I remember one time there was a cash-for-access event in Barrie. There were 12 people there. Each one of them paid $5,000 to sit around and have dinner with former premier Dalton McGuinty, and that night the Liberals raised $60,000. That is $60,000 in one evening. That is what cash-for-access meant in Ontario. Why is it no surprise that this is going on here in Ottawa? We have heard those names many times in the House: Gerald Butts and Katie Telford. It was the same situation that went on in Ontario, just like the moving van that came here to Ottawa, that same playbook that the Ontario Liberals used for all those years until again there was public backlash and the opposition highlighted this situation. It ended up with Ontario changing the rules.
It is no surprise to any of us in Ontario that this is happening, because that same failed playbook—not just cash-for-access, but other failed policies like debt and deficit that have handcuffed the economy of Ontario—is the same thing that is going on here. There is a common denominator throughout this whole thing, and that is Gerald Butts and Katie Telford.
What would this legislation do? In effect, in spite of the Liberal assertion that it would bring it out of the shadows and somehow legitimize and formalize this process of cash-for-access, it actually would change nothing because cash-for-access events can still go on. It would do nothing in terms of addressing issues of private fundraisers in houses. It would do nothing in terms of what the government committed to as far as holding these in public spaces. It would not formalize that at all, so what we would see is more of the same, more of these cash-for-access events where the Prime Minister and the ministers would be the stars of the show, where for $1,500 people would get to bend the Prime Minister's ear presumably because they have business in front of the government.

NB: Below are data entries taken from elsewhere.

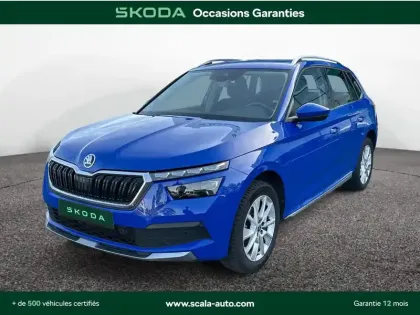 Photo Skoda Kamiq Style / Première Main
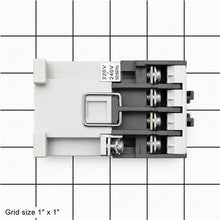 Load image into Gallery viewer, CONTACTOR SDE MA-15 220V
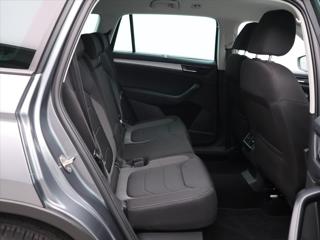 Škoda Kodiaq 2,0 TDI 147kW 4x4 DSG Tour DPH SUV - Foto 13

A quick search of the Liberal Party website shows that there is a cash-for-access event that is happening next Thursday. I apologize to my colleagues that I was searching the Liberal Party website, but it is important that we stay on top of this stuff. When we look at what is happening next Thursday, an evening with the Right Honourable Prime Minister, we see the price of the event is $1,500. If one is a youth aged 25 or under, it is $250. Nothing has changed. The Liberals are still having these cash-for-access events.

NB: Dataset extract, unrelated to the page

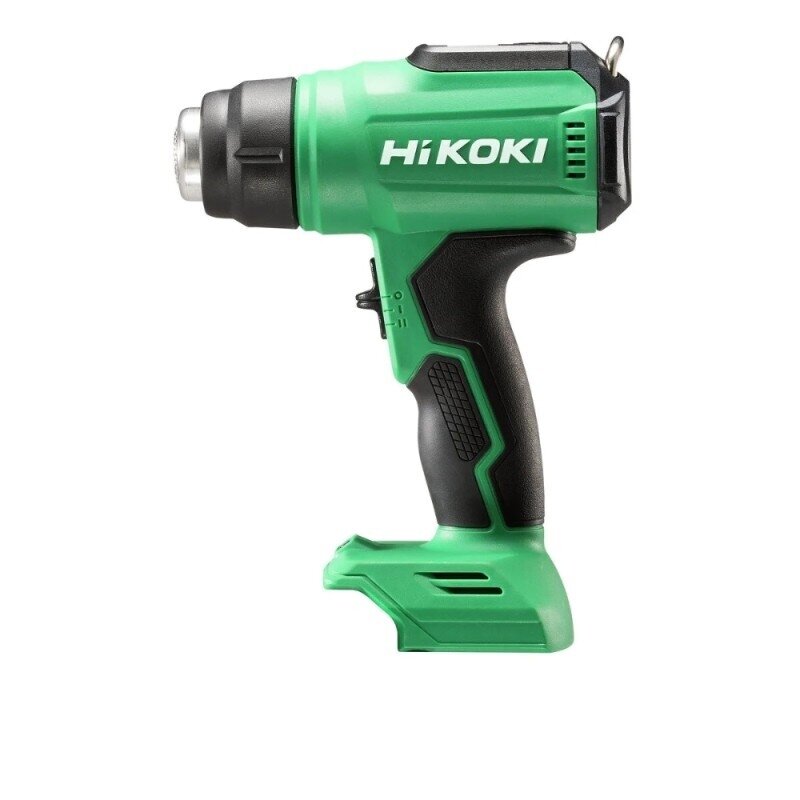 Akumuliatorinė orapūtė HiKOKI RH18DAW2Z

The government purports to be all about the middle class and those working hard to join it, but how many middle-class Canadians would be able to afford $1,500 at this cash-for-access event? I suggest not many. I can say that my friends cannot afford $1,500. If they could afford it, they would be giving it to our local EDA so that we can be a lot more powerful heading into the next election against the Liberals. They give what they can afford: $250, $300, $200, or $50 sometimes. Here is the Right Honourable Prime Minister in Mississauga a week from tonight asking for $1,500 at this event, and a youth would have to pay $250 to be there. That is a lot of money, and nothing has changed.
My hon. colleague from York—Simcoe said it best last week. What this would do is provide the Liberals cover for something they are already doing. It would be legitimized and formalized by these changes in law. If we look at the mandate letter provided to the new Minister of Democratic Institutions, we see the Prime Minister said, “Sunshine is the best disinfectant to concerns about our political process”. If that is the case, the Liberals better have SPF 100 available, because there is a lot of sunshine being put on the government.
This piece of legislation would not do anything to change the issue of fundraising in private residences. This would continue to go on. Adding publicly accessible spaces, which the Liberals said they would do, would not change anything. Also, media access is still in question. Little would change with this piece of legislation, because cash-for-access would still exist. Cash-for-access, what people pay to bend the ear of the Minister of Justice or other ministers of the crown because they have business in front of them, or the Prime Minister himself, will still go into Liberal Party coffers.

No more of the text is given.